- [Try it]: For the data below, give again exactly the lines from the one containing "BMW 3 Series 318i 2011 gallery image 15" through the one containing "Солнцезащитные очки Ray Ban", both ends included, and no others.

[Records from a dataset]
*-*-*

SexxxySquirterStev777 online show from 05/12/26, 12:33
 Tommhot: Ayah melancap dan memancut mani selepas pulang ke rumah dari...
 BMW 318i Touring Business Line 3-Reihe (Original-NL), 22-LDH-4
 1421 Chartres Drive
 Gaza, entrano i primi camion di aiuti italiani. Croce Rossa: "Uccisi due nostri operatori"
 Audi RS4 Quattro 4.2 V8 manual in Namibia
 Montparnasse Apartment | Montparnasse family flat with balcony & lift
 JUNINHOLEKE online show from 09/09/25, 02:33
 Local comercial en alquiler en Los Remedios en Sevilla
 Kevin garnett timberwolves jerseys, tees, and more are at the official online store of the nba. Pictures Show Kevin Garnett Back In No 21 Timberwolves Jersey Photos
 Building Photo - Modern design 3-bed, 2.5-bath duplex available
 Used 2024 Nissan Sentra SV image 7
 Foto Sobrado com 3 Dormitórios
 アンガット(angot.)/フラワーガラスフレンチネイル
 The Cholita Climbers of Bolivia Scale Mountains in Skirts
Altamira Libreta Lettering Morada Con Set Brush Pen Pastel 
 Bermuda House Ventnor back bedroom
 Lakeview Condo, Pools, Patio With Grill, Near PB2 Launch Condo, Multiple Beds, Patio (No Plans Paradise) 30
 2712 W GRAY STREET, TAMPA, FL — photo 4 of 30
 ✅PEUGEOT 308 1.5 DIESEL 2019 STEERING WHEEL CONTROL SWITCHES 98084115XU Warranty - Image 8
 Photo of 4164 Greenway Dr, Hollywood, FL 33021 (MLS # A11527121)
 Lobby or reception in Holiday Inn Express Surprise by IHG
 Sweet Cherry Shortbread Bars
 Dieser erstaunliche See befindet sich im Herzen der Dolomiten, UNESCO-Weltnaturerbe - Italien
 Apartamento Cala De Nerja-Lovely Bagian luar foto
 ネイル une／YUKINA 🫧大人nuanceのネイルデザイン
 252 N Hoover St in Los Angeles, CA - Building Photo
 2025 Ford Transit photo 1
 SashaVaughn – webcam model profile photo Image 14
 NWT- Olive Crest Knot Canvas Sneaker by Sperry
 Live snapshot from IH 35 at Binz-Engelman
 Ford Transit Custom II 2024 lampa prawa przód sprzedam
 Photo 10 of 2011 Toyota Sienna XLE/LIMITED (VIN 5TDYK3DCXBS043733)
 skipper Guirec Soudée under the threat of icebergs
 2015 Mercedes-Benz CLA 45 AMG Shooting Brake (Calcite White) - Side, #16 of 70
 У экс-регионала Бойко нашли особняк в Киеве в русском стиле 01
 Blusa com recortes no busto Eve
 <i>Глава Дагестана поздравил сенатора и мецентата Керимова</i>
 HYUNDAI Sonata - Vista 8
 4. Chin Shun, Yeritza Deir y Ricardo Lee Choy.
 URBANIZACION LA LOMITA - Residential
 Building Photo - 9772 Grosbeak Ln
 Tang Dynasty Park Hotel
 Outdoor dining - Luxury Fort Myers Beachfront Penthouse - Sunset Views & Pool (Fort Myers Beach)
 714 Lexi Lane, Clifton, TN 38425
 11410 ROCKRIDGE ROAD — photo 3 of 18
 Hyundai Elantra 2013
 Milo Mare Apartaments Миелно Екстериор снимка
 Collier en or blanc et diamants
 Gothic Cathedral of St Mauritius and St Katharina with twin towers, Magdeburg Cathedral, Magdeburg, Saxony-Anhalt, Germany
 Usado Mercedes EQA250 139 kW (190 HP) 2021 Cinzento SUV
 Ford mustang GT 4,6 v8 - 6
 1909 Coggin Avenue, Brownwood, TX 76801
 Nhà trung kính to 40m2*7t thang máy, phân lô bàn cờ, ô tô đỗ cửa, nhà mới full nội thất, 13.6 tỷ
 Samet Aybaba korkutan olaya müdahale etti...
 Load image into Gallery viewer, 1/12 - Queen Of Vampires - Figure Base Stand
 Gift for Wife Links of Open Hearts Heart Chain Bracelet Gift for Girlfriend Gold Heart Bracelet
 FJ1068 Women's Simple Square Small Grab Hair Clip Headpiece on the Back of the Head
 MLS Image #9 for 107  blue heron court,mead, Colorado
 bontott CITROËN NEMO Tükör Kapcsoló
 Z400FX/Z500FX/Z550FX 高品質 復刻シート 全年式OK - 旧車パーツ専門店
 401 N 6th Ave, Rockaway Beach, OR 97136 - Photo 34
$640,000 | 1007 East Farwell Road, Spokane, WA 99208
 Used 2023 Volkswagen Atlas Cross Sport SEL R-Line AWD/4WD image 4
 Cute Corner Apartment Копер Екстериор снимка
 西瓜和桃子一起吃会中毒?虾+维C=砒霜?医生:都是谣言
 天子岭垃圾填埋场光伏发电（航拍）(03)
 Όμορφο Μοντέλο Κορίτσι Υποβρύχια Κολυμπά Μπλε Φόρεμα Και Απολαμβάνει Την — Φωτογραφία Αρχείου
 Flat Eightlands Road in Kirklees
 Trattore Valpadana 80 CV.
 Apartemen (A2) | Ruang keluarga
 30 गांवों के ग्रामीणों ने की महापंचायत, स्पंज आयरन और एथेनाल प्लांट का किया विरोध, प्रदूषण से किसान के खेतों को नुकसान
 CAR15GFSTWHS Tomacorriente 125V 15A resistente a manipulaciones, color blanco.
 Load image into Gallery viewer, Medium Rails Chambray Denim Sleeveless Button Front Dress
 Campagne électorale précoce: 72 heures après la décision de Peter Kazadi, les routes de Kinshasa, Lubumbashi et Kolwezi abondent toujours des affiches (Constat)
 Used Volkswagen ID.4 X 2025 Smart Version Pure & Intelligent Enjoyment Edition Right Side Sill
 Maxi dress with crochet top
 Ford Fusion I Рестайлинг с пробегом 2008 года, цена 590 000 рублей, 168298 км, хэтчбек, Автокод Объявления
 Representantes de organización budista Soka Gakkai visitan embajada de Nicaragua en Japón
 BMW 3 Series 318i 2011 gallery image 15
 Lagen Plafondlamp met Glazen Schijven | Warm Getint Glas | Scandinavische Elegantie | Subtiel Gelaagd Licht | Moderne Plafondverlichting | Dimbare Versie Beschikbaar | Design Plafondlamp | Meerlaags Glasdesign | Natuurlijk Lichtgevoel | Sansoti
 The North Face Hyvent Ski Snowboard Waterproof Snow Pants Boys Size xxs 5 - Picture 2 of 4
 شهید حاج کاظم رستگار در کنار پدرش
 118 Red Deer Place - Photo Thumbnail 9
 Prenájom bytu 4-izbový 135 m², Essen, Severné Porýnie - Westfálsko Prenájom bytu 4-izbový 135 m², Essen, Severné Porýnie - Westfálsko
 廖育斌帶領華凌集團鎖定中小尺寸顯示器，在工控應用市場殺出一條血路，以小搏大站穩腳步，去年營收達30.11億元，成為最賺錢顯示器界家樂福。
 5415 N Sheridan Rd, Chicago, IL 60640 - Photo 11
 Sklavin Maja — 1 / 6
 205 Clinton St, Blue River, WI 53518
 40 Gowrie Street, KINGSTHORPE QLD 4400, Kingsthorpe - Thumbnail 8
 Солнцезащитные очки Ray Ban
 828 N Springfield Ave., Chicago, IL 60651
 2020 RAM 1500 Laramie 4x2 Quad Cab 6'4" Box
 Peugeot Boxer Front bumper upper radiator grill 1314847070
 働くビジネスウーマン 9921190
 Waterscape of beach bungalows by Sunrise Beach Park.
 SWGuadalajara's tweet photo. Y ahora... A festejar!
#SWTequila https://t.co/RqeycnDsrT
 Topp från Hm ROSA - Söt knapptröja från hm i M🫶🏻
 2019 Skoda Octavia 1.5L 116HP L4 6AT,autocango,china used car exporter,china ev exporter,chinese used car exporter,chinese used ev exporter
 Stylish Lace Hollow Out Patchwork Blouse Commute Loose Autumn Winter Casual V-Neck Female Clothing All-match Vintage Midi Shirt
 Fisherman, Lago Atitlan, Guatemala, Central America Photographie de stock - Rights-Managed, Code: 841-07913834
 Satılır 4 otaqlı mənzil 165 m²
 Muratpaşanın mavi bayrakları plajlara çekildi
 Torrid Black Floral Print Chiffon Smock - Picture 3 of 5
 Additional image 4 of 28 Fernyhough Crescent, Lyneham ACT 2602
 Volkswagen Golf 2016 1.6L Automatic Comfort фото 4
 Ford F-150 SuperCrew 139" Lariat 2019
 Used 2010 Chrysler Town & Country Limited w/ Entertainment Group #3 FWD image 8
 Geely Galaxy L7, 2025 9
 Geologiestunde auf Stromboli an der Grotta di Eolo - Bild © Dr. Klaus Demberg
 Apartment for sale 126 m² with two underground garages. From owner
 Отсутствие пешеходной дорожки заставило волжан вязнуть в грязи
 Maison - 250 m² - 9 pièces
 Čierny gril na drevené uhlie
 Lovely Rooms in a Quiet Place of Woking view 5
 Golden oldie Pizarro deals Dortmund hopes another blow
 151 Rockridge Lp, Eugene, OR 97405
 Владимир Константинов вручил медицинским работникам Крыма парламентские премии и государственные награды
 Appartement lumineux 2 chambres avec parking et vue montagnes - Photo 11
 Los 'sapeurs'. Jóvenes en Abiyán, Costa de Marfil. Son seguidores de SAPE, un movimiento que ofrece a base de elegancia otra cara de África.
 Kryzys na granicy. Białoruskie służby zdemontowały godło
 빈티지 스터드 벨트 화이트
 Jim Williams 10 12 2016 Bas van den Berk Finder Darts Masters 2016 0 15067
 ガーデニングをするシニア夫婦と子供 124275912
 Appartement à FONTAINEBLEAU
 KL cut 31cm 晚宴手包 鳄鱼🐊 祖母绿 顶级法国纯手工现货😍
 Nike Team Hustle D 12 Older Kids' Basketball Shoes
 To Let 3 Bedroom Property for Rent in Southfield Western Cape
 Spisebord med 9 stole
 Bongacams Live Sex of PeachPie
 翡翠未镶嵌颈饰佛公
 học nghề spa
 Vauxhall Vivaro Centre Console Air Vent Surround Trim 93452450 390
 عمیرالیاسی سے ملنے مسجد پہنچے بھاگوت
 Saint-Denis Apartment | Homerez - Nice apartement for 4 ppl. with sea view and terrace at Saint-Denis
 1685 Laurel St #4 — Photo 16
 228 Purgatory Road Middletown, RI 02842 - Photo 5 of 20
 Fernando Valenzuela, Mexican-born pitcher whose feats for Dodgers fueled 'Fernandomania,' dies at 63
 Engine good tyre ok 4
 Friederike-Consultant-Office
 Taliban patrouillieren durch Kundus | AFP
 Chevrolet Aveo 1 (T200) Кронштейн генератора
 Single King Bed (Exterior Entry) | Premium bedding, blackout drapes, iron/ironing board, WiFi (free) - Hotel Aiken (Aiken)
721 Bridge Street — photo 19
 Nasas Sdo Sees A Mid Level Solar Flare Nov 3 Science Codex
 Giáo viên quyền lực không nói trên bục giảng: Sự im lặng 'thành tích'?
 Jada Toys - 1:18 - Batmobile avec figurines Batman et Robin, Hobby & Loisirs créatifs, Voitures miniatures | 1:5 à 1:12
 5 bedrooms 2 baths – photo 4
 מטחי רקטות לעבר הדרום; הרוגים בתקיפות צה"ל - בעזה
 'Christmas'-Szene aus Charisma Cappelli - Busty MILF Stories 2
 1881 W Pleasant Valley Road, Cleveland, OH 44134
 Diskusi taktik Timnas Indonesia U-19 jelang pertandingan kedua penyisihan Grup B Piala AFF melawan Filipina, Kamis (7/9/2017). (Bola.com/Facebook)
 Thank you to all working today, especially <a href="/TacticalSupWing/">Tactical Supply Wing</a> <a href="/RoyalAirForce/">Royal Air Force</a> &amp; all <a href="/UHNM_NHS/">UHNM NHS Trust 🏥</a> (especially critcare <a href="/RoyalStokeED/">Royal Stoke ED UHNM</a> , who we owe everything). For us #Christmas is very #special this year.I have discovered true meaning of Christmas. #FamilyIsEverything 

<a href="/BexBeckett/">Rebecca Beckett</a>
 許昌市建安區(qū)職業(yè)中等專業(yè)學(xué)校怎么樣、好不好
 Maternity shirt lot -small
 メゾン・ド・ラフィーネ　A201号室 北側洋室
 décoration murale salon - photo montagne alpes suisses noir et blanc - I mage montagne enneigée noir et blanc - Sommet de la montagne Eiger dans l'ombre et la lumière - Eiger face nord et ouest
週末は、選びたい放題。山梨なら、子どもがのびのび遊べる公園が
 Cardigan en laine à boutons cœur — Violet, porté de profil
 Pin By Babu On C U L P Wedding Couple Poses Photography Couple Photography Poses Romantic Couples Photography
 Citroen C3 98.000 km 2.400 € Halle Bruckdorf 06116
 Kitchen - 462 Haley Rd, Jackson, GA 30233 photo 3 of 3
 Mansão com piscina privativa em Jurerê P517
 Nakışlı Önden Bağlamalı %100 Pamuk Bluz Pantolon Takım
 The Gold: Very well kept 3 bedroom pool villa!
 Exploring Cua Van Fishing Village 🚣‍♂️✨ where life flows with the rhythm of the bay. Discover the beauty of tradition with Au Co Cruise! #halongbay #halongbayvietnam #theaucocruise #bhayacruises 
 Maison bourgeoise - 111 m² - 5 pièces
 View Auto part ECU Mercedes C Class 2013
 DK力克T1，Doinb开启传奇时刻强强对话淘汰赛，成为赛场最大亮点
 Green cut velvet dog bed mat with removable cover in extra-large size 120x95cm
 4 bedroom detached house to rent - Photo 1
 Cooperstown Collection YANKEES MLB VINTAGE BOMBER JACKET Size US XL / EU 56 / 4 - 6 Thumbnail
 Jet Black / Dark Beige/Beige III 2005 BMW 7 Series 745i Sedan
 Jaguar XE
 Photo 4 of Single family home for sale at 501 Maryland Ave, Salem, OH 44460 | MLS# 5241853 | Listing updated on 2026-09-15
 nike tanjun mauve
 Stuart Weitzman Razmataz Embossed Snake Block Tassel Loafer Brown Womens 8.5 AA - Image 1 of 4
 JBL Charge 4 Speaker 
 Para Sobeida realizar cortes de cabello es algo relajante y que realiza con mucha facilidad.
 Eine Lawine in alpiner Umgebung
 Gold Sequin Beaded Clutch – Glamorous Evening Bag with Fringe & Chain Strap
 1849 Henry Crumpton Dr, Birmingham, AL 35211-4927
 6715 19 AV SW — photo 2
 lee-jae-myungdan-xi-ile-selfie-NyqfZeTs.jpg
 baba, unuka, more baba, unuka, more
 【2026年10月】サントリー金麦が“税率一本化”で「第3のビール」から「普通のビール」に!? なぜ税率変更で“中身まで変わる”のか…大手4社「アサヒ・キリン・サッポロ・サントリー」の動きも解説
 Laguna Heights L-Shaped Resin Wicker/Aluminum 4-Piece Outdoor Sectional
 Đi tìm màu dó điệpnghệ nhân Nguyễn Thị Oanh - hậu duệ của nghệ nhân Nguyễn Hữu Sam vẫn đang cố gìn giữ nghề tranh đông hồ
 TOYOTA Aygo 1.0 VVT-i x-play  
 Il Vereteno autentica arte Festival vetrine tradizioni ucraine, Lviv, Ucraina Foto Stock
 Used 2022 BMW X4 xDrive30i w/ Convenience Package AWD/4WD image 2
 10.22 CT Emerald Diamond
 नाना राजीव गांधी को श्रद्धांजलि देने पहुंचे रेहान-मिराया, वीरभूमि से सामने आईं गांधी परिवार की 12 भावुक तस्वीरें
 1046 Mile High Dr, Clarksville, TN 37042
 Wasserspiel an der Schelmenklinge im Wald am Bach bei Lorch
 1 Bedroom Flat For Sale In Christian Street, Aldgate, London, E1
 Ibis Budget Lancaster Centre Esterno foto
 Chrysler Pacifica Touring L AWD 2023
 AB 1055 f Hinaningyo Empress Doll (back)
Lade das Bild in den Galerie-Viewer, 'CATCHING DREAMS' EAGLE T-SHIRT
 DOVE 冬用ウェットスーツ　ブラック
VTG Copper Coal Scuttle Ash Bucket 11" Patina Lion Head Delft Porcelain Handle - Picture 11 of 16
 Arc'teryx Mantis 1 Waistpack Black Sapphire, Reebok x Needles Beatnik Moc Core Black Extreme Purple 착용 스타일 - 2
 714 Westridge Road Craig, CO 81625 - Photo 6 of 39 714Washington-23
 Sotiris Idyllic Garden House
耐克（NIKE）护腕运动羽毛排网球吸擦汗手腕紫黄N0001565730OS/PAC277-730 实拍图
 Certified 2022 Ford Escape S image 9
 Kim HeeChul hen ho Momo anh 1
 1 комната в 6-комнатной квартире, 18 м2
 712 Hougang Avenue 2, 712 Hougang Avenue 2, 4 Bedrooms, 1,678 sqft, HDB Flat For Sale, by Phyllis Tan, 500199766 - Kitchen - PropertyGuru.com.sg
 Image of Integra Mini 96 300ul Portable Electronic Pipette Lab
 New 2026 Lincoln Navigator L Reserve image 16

*-*-*

- [Answer to the problem]:
 BMW 3 Series 318i 2011 gallery image 15
 Lagen Plafondlamp met Glazen Schijven | Warm Getint Glas | Scandinavische Elegantie | Subtiel Gelaagd Licht | Moderne Plafondverlichting | Dimbare Versie Beschikbaar | Design Plafondlamp | Meerlaags Glasdesign | Natuurlijk Lichtgevoel | Sansoti
 The North Face Hyvent Ski Snowboard Waterproof Snow Pants Boys Size xxs 5 - Picture 2 of 4
 شهید حاج کاظم رستگار در کنار پدرش
 118 Red Deer Place - Photo Thumbnail 9
 Prenájom bytu 4-izbový 135 m², Essen, Severné Porýnie - Westfálsko Prenájom bytu 4-izbový 135 m², Essen, Severné Porýnie - Westfálsko
 廖育斌帶領華凌集團鎖定中小尺寸顯示器，在工控應用市場殺出一條血路，以小搏大站穩腳步，去年營收達30.11億元，成為最賺錢顯示器界家樂福。
 5415 N Sheridan Rd, Chicago, IL 60640 - Photo 11
 Sklavin Maja — 1 / 6
 205 Clinton St, Blue River, WI 53518
 40 Gowrie Street, KINGSTHORPE QLD 4400, Kingsthorpe - Thumbnail 8
 Солнцезащитные очки Ray Ban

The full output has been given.